O termo “hedge” é muito utilizado no mercado financeiro, mas operações desse gênero não são fáceis de entender para o público em geral. Mas foi ele que garantiu, segundo o próprio setor, o vigoroso crescimento de 21,6% do agronegócio brasileiro no primeiro trimestre de 2023, comparando ao quarto trimestre de 2022.
A variação é a maior para o setor desde 1996 e praticamente garantiu, sozinha, o desempenho positivo de 1,9% para toda a economia brasileira, segundo dados do Produto Interno Bruto divulgados nesta quinta-feira, 1 de maio, pelo IBGE.
O hedge corresponde, em tradução livre, a proteção. Segundo Francisco Matturro, vice-presidente da Associação Brasileira de Agronegócios (Abag), este instrumento adotado por grandes e médios produtores para se proteger da queda de preços vista neste início de 2023 foi decisivo para o resultado.
“Os produtores costumam travar os preços antes da venda efetiva do produto, e neste primeiro trimestre, por conta desta antecipação, o valor conseguido foi maior que os preços praticados pelo mercado a vista, que estão em baixa”, explica Matturro.
Com a proteção de preços, muitos produtores rurais conseguiram “prolongar”, pelo menos por um período um pouco maior, o cenário positivo vivido nos últimos anos, em que as commodities agrícolas foram comercializadas a preços bastante positivos.
Assim, o resultado do PIB contrasta com a realidade do campo nas últimas semanas. Com previsões de supersafras de grãos (soja e milho) tanto no Brasil como nos Estados Unidos e estoques globais elevados, as cotações caíram e geraram apreensão no setor, com adiamento de vendas de safra e de encomendas de insumos e máquinas.
Matturro mantém, no entanto, o otimismo. Para o restante do ano, ele acredita que a tendência de bons desempenhos do agronegócio deve continuar.
“Precisamos esperar a colheita da safra nos Estados Unidos, para saber se os preços vão continuar baixos.
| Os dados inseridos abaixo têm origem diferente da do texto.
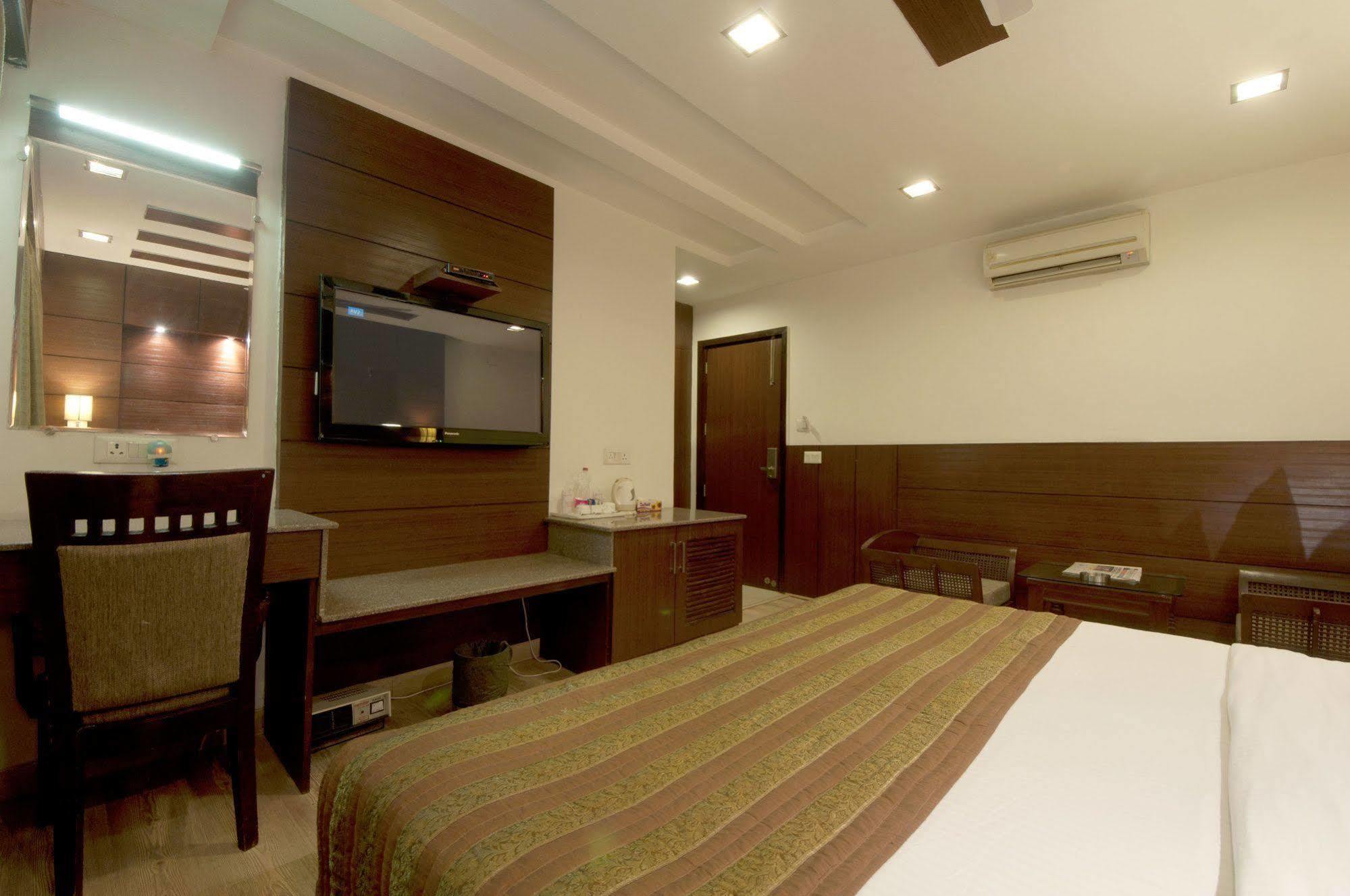 Hotel Amaltas International - Delhi-16 Ню Делхи Екстериор снимка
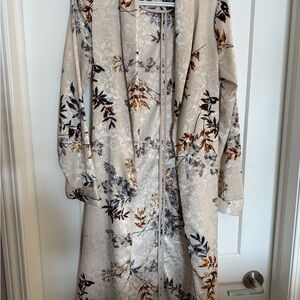 Floral Satin cardigan in Taupe and Navy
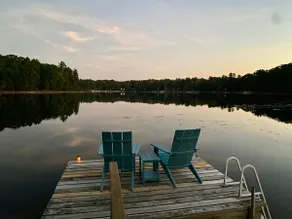 Secluded lakefront cottage - fire pit, kayaks. - Image 3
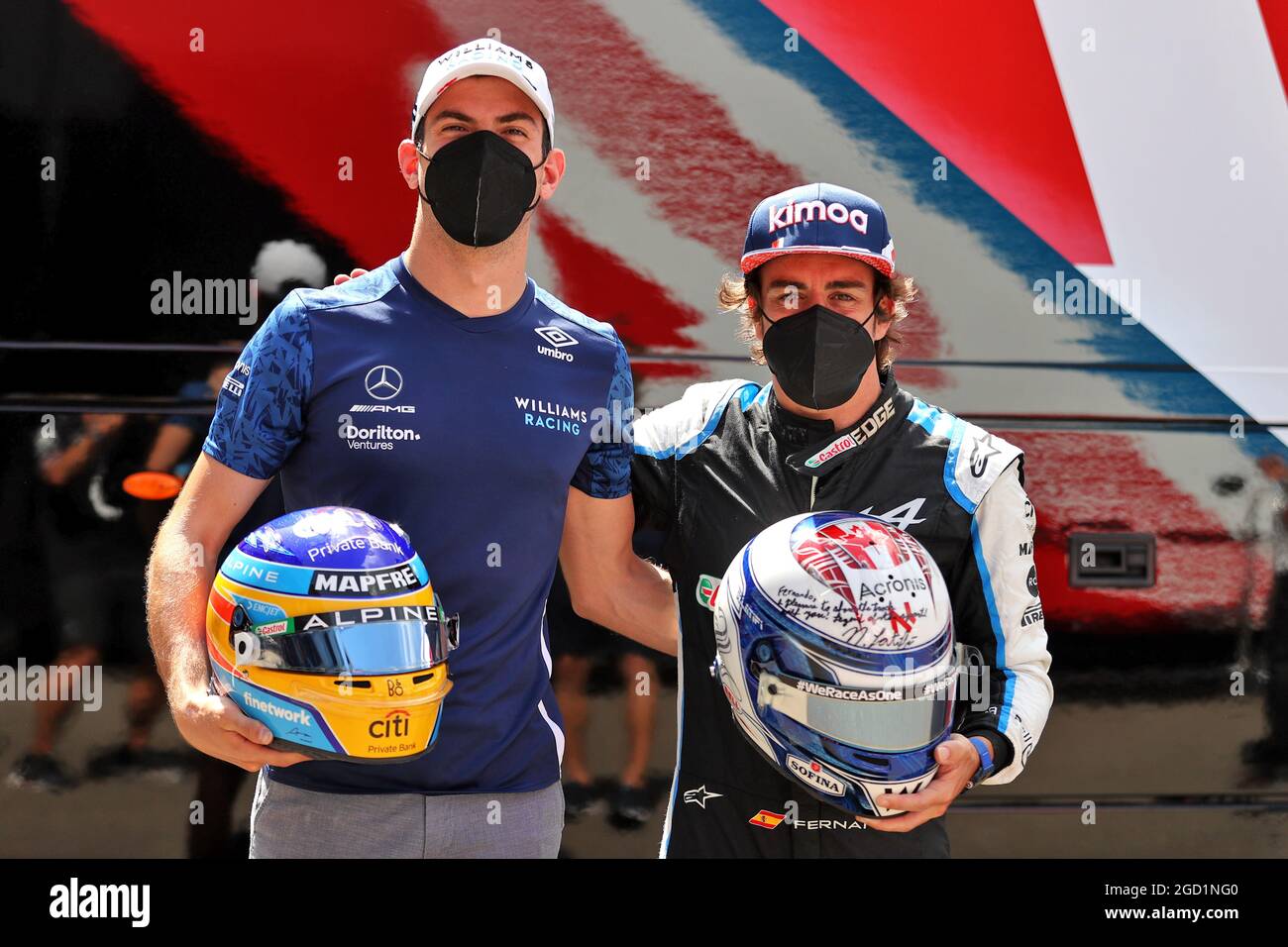 Da L a R): Nicholas Latifi (CDN) Williams Racing con Fernando Alonso (ESP)  Alpine F1 Team - cambio casco. Steiermark Grand Prix, giovedì 24 giugno  2021. Spielberg, Austria Foto stock - Alamy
De qualquer forma, já temos uma diminuição nos preços dos insumos, o que garante uma boa margem nos preços”.
O resultado excepcional levou economistas de bancos e do mercado financeiro a, mais uma vez, ressaltarem a relevância do Agronegócio para o resultado da economia brasileira no começo de 2023.
Felipe Kotinda, economista do Santander, estima que o PIB brasileiro cresceria apenas 0,3% se o agro fosse retirado da conta.
“O setor conseguiu quebrar a sequência de três trimestres seguidos com piora no desempenho. Os fortes volumes nas safras de verão puxaram o resultado”, diz Kotinda.
Para Rodolfo Margato, economista da XP, a soja foi o grande destaque do PIB do Agronegócio. “As projeções da Conab e do IBGE tratam de um crescimento de 25% na safra da soja em grão. Os outros grãos também tiveram uma performance robusta, com crescimento médio de 15% nesta safra”, afirma o economista.
Margato destaca o ganho de produtividade nas propriedades rurais. “O agro no Brasil mostra aumento de produtividade consistente já há duas décadas. Tivemos também condições climáticas favoráveis na maior parte do país, mesmo com a quebra de safra no Sul”.
Em comentário sobre o resultado, o consultor Octaciano Neto, da Suno Investimentos, destaca que o resultado do primeiro trimestre não foi surpresa para quem acompanha de perto o setor.
“Com muito empreendedorismo e desenvolvimento tecnológico de sementes, mudas, herbicidas, fertilizantes, herbicidas, irrigação, produtos, máquinas e equipamentos, o agro se tornou o setor com mais vantagens competitivas do Brasil”, diz Neto.
Além da contribuição para o crescimento, o desempenho do agronegócio ajuda também no controle de preços, como destaca o economista-chefe do Banco Fibra, Marco Maciel.
“É realmente um resultado espetacular para o crescimento econômico e que vai na direção da desinflação de alimentos no domicílio ao longo do ano, principalmente durante o segundo semestre”, afirma Maciel em relatório.
A XP espera que o ritmo de crescimento diminua nos próximos trimestre, por conta do ciclo da soja, principalmente. “Mais de 60% da safra de soja é contabilizada entre janeiro e março. Mas de qualquer forma, em termos anuais, projetamos um crescimento do PIB agro superior a 10%”, diz Margato.